STUDY MATERIAL

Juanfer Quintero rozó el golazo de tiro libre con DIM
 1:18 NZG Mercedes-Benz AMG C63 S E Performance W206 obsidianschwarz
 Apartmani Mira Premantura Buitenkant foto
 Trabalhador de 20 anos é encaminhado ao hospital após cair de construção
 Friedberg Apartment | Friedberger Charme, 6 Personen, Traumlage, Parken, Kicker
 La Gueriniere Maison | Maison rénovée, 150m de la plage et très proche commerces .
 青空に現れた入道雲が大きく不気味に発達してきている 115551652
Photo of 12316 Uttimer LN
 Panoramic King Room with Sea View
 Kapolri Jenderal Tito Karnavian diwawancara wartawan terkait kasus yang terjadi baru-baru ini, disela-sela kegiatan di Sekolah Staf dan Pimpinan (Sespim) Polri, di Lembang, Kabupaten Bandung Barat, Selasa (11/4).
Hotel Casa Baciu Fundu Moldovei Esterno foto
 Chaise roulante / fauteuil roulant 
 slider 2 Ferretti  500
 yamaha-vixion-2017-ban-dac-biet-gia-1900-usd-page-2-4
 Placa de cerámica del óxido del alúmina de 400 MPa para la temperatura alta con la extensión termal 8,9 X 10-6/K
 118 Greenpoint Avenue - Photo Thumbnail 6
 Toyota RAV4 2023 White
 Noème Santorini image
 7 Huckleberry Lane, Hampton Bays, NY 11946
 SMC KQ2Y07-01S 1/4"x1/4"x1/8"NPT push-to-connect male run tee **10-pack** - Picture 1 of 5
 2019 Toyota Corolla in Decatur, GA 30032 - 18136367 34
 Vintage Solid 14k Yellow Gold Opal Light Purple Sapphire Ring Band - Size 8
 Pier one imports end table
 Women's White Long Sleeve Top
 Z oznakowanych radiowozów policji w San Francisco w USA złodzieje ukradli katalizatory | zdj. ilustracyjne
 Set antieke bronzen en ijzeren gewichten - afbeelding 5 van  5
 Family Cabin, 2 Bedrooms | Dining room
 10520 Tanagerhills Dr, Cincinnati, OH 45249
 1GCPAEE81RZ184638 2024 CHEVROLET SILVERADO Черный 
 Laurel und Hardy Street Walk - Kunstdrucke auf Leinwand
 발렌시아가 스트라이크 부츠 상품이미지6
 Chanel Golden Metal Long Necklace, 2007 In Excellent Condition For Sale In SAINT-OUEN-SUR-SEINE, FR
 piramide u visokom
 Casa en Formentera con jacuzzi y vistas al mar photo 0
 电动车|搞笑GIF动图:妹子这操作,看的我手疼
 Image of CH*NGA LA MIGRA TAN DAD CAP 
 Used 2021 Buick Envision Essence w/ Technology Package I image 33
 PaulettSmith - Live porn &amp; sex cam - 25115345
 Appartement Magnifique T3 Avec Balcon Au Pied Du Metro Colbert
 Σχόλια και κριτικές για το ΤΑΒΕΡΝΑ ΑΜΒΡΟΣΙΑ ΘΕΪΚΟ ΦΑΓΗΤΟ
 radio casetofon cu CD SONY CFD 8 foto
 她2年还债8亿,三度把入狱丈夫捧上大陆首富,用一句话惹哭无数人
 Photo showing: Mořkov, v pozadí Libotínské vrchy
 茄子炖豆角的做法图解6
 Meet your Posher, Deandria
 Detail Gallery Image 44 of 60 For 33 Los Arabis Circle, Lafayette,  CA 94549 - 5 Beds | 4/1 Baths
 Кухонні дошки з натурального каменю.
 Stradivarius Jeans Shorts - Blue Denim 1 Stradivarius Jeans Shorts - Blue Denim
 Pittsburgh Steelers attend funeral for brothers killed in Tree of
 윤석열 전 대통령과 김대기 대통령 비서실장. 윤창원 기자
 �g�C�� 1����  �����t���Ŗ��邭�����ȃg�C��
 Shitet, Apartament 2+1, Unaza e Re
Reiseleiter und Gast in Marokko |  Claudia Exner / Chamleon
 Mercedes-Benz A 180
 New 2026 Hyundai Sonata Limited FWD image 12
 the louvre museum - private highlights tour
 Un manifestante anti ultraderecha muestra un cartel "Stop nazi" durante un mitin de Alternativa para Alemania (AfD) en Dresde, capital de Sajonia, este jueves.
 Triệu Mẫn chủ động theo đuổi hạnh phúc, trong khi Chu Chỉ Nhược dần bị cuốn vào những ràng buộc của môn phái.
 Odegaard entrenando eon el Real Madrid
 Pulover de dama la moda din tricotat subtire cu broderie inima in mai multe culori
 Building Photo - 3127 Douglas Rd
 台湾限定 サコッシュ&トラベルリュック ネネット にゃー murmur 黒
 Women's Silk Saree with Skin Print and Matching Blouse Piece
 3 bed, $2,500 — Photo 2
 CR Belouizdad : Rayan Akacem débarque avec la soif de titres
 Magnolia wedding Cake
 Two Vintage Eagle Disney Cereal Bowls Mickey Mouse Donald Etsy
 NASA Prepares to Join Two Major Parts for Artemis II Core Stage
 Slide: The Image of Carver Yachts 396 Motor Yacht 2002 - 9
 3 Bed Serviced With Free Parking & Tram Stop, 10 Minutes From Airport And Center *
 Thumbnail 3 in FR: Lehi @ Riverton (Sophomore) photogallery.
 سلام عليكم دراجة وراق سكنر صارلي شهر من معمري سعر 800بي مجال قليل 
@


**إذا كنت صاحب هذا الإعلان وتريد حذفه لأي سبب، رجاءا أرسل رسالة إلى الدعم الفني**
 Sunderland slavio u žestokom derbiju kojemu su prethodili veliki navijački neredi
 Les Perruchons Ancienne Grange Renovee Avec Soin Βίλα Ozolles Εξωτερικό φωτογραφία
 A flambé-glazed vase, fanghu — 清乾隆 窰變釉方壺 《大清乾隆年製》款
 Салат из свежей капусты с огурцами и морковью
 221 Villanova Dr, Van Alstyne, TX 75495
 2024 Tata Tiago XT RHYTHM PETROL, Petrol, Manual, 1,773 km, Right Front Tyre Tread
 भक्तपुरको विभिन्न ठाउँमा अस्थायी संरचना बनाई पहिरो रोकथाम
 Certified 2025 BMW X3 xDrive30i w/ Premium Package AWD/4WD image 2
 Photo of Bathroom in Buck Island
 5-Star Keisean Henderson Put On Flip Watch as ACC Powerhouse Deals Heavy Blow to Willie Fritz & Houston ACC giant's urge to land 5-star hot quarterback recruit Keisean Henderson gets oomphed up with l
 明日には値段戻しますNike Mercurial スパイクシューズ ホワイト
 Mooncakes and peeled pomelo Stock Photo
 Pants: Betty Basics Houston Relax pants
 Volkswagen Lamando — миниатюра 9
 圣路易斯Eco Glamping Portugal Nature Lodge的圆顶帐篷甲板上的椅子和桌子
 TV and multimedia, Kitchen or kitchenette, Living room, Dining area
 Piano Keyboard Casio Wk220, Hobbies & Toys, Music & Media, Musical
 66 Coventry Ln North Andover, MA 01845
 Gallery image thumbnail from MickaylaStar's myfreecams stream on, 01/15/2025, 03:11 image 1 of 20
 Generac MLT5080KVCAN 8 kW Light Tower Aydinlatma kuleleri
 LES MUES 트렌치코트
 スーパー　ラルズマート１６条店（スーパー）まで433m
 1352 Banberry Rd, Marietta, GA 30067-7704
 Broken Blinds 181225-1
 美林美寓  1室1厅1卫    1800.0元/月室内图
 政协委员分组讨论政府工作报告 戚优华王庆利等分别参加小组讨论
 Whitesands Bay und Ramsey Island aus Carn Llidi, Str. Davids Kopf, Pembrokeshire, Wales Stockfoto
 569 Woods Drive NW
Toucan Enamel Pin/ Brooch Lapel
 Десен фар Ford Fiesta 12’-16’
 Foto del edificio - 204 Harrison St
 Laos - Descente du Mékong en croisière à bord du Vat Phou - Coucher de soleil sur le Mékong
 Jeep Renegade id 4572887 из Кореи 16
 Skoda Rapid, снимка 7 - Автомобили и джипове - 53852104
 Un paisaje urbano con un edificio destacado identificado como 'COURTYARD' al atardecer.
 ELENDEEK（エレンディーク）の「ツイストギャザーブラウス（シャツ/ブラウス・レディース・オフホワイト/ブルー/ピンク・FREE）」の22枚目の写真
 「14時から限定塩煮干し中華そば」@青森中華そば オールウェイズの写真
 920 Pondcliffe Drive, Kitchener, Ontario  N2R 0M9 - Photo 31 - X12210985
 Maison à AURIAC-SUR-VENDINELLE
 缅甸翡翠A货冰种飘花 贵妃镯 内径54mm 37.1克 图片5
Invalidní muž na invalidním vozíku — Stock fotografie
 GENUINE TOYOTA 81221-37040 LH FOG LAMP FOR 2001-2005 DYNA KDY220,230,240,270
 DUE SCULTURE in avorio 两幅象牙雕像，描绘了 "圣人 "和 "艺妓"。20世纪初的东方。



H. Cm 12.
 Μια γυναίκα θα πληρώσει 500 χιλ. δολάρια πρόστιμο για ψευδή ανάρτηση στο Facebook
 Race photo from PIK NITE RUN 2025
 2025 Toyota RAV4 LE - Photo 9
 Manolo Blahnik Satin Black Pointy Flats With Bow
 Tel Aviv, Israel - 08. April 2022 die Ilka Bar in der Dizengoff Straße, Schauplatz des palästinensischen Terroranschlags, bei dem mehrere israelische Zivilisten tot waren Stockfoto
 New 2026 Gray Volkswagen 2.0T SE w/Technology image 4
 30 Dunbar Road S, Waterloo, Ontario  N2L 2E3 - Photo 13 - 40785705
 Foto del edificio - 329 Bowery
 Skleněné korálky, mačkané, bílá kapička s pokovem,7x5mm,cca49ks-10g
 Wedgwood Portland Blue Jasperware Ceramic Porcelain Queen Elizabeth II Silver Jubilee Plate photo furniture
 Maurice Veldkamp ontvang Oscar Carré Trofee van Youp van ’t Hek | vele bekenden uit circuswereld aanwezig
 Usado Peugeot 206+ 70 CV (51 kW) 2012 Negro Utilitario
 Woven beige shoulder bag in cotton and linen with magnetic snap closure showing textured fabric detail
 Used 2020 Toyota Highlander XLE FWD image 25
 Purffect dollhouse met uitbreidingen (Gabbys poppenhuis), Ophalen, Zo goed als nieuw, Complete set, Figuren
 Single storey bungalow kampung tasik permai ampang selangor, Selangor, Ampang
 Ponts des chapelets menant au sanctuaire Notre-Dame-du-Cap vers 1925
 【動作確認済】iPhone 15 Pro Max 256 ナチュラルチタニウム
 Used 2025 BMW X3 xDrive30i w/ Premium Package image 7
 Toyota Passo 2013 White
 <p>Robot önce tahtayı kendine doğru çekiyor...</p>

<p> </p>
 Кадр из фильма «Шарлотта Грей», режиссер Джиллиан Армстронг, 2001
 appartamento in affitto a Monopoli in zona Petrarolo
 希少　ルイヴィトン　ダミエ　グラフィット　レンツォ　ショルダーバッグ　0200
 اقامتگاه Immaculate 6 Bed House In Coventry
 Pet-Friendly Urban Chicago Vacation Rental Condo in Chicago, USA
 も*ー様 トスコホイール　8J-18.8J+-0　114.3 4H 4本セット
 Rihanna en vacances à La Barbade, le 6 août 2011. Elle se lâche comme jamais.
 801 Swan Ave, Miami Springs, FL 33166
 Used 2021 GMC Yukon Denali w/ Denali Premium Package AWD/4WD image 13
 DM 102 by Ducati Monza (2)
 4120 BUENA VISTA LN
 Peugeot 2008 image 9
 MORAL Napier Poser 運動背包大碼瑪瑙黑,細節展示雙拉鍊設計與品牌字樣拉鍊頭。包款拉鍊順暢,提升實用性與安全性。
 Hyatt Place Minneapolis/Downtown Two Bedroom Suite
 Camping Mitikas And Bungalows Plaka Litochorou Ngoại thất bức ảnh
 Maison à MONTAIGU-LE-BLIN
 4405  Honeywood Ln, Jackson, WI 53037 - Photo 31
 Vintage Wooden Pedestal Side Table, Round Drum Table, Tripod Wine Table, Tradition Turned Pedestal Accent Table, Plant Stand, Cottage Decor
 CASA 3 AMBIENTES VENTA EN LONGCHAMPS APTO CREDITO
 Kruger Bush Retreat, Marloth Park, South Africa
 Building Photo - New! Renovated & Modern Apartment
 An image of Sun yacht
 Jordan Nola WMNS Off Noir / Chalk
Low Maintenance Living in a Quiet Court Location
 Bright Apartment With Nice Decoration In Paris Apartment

REQUIRED WORK
Repeat the material word for word from its opening line up to and including the line containing "青空に現れた入道雲が大きく不気味に発達してきている 115551652".

ANSWER TO THIS EXERCISE
Juanfer Quintero rozó el golazo de tiro libre con DIM
 1:18 NZG Mercedes-Benz AMG C63 S E Performance W206 obsidianschwarz
 Apartmani Mira Premantura Buitenkant foto
 Trabalhador de 20 anos é encaminhado ao hospital após cair de construção
 Friedberg Apartment | Friedberger Charme, 6 Personen, Traumlage, Parken, Kicker
 La Gueriniere Maison | Maison rénovée, 150m de la plage et très proche commerces .
 青空に現れた入道雲が大きく不気味に発達してきている 115551652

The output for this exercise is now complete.